Alabama franchise tax charged against foreign corporations is computed on the basis of the amount of capital employed within the state. Title 51, Section 348, supra; Hollingsworth Whitney Co. v. State, 241 Ala. 96, 1 So.2d 387. It is also stated in Hollingsworth Whitney Co., that the employment of capital is not the same as ownership of property.
In the case at bar the only operation of Omega in Alabama is the ownership of land and mineral rights.
In State v. Aluminum Co. of America, 280 Ala. 144, 190 So.2d 698, the Supreme Court had before it a question as to whether or not several hundred thousands of tons of bauxite ore stockpiled in Mobile County by the Aluminum Company of America at a site separate and apart from its processing operation, none of which had been removed, mixed or commingled with any other ore or sold or otherwise acted upon, was to be considered as "capital employed in this state." It decided that such an asset was merely the investment in and ownership of property and no franchise tax was collectible for this ownership.
Again the question of whether franchise tax was due based on capital employed in the state was presented to the Supreme Court in State v. City Stores Co., 277 Ala. 412, 171 So.2d 121. The pertinent facts were that City Stores was a foreign corporation authorized to do business in Alabama with its primary purpose being the operation of department stores. The assets of City Stores consisted of real estate used exclusively in connection with the operation of Loveman, Joseph Loeb, a department store. This property was owned for less than a month, but during that time rents were collected on it. The state's contention was that franchise tax was due because the certificate of incorporation authorized the buying, selling or otherwise acquiring, holding and disposing of real estate and that the acquisition of real estate was a large part of the taxpayer's business activities. The taxpayer countered by saying that the acquisition of real estate is merely incidental to the business of operating department stores.
After stating that the mere ownership of property in Alabama does not subject a foreign corporation to franchise tax, the Supreme Court said the act of collecting the rent for a short period of time was incidental to the business of operating department stores and did not amount to an employment of capital in Alabama so as to warrant the imposition of franchise taxes.

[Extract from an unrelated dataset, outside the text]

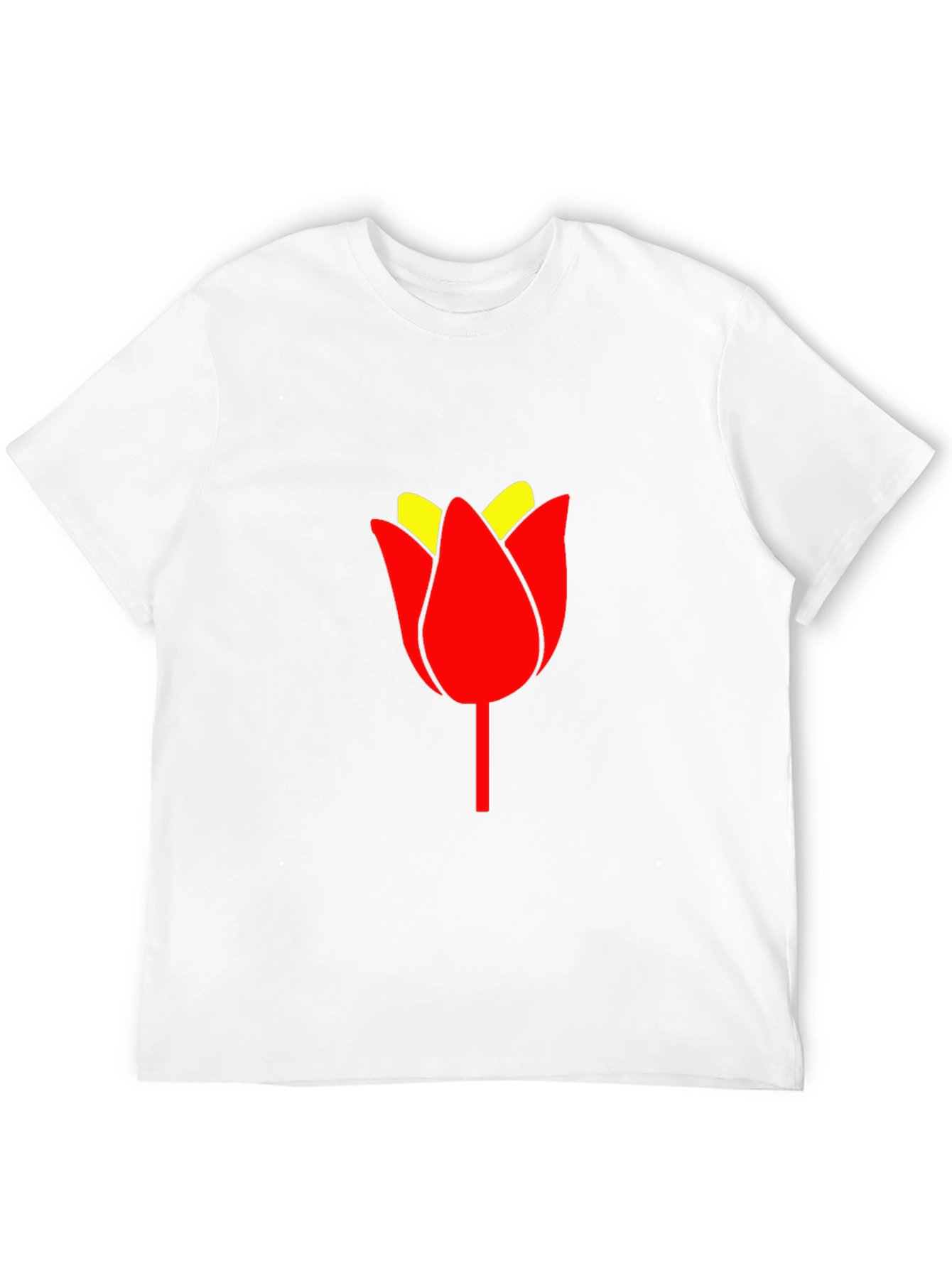 Tulip Graphic Tee - Black Casual Shirt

Similarly, in the case at bar, we consider the ownership of the mineral rights and surface rights to land in Alabama to be merely incidental to Omega's primary purpose of exploring for minerals and other natural resources. Consequently the ownership of this land and mineral rights did not amount to an employment of capital in Alabama such as to authorize the assessment of franchise taxes.
This case is reversed and remanded to the trial court for the purpose of ascertaining the amount of money to be refunded to appellant and entering an order requiring of the appellee the payment of the sum found to be due.
Reversed and remanded with directions.
WRIGHT, P. J., and HOLMES, J., concur.